__DATASET__:

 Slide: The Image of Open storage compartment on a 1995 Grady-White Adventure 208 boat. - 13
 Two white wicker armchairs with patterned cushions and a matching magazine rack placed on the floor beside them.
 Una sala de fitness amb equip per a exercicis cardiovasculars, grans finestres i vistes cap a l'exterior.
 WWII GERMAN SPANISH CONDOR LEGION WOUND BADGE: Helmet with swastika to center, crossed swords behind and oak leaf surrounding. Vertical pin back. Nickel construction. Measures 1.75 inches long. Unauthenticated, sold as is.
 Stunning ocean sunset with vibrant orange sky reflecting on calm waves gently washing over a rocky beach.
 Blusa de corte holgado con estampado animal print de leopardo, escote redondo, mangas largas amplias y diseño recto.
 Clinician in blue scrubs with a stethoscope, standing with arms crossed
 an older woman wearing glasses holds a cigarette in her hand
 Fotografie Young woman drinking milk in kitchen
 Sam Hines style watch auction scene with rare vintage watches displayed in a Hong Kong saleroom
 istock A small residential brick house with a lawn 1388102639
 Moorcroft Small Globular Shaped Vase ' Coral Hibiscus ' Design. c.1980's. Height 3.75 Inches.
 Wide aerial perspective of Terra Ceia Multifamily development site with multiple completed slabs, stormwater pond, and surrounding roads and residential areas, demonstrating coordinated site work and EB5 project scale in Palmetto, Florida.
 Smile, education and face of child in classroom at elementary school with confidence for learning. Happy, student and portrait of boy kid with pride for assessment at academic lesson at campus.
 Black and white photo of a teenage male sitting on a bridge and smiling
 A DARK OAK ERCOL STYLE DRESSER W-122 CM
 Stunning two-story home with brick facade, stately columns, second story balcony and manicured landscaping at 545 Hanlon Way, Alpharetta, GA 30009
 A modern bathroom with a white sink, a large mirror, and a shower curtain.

__PROMPT__:
Each line of the material above needs repeating verbatim.

__ANSWER TO THE EXERCISE__:
 Slide: The Image of Open storage compartment on a 1995 Grady-White Adventure 208 boat. - 13
 Two white wicker armchairs with patterned cushions and a matching magazine rack placed on the floor beside them.
 Una sala de fitness amb equip per a exercicis cardiovasculars, grans finestres i vistes cap a l'exterior.
 WWII GERMAN SPANISH CONDOR LEGION WOUND BADGE: Helmet with swastika to center, crossed swords behind and oak leaf surrounding. Vertical pin back. Nickel construction. Measures 1.75 inches long. Unauthenticated, sold as is.
 Stunning ocean sunset with vibrant orange sky reflecting on calm waves gently washing over a rocky beach.
 Blusa de corte holgado con estampado animal print de leopardo, escote redondo, mangas largas amplias y diseño recto.
 Clinician in blue scrubs with a stethoscope, standing with arms crossed
 an older woman wearing glasses holds a cigarette in her hand
 Fotografie Young woman drinking milk in kitchen
 Sam Hines style watch auction scene with rare vintage watches displayed in a Hong Kong saleroom
 istock A small residential brick house with a lawn 1388102639
 Moorcroft Small Globular Shaped Vase ' Coral Hibiscus ' Design. c.1980's. Height 3.75 Inches.
 Wide aerial perspective of Terra Ceia Multifamily development site with multiple completed slabs, stormwater pond, and surrounding roads and residential areas, demonstrating coordinated site work and EB5 project scale in Palmetto, Florida.
 Smile, education and face of child in classroom at elementary school with confidence for learning. Happy, student and portrait of boy kid with pride for assessment at academic lesson at campus.
 Black and white photo of a teenage male sitting on a bridge and smiling
 A DARK OAK ERCOL STYLE DRESSER W-122 CM
 Stunning two-story home with brick facade, stately columns, second story balcony and manicured landscaping at 545 Hanlon Way, Alpharetta, GA 30009
 A modern bathroom with a white sink, a large mirror, and a shower curtain.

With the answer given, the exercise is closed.